NASHVILLE, Tenn. (AP) — The breakdown in Ticketmaster’s sales of Taylor Swift tickets is a mess some attorneys general aren’t shaking off.

With fans sharing outrage and heartache over the fruitless hours they spent trying for seats for Swift’s upcoming concert tour, top legal chiefs in Nevada, Tennessee and Pennsylvania have launched investigations into the fiasco.

“Trouble, trouble, trouble,” tweeted Pennsylvania Attorney General Josh Shapiro in a reference to Swift’s 2012 hit song ‘I Knew You Were Trouble’ as he asked the public to file complaints about using Ticketmaster with his office.

Shapiro, a Democrat who recently won Pennsylvania’s governor race, has since thanked people for their “swift response” while noting his office had received “a lot of complaints” to look into.

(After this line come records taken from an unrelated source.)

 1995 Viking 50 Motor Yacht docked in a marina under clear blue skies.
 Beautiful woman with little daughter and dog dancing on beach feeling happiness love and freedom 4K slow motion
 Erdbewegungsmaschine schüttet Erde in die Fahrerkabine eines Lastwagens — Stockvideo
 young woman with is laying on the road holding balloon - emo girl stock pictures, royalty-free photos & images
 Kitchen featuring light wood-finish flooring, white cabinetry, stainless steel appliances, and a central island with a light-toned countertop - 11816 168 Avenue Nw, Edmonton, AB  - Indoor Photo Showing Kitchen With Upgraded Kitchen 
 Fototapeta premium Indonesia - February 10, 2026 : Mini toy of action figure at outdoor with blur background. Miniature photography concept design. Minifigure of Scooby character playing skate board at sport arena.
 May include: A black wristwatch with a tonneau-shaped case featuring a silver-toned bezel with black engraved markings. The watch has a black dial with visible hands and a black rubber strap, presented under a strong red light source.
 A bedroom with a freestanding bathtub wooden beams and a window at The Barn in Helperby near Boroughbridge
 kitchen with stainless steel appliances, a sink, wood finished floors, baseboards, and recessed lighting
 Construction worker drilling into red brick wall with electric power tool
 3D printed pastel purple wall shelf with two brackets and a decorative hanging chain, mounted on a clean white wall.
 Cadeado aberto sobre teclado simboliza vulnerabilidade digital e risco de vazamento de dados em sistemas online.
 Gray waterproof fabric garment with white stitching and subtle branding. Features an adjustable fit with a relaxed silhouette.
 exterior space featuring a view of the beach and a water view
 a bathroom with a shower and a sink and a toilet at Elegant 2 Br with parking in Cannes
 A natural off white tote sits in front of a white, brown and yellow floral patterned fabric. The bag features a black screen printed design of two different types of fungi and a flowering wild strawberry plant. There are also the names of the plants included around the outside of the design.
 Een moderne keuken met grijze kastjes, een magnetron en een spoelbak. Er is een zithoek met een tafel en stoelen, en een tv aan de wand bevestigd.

Over in Tennessee, Attorney General Jonathan Skrmetti said he wants to ensure consumers have a fair shot at buying tickets.

“There are no allegations at this time of any misconduct, but as the attorney general it’s my job to ensure that the consumer protection laws and antitrust laws in Tennessee are being honored,” Skrmetti told reporters.

In 2008, Tennessee enacted a so-called “anti-bot” law that prohibits using certain computer programs to buy large amounts of tickets to concerts and sporting events. However, like most states that have passed similar bans, the law has rarely been enforced.

Meanwhile, in Nevada, the attorney general’s office said it was investigating Ticketmaster for “alleged deceptive or unfair trade practices.”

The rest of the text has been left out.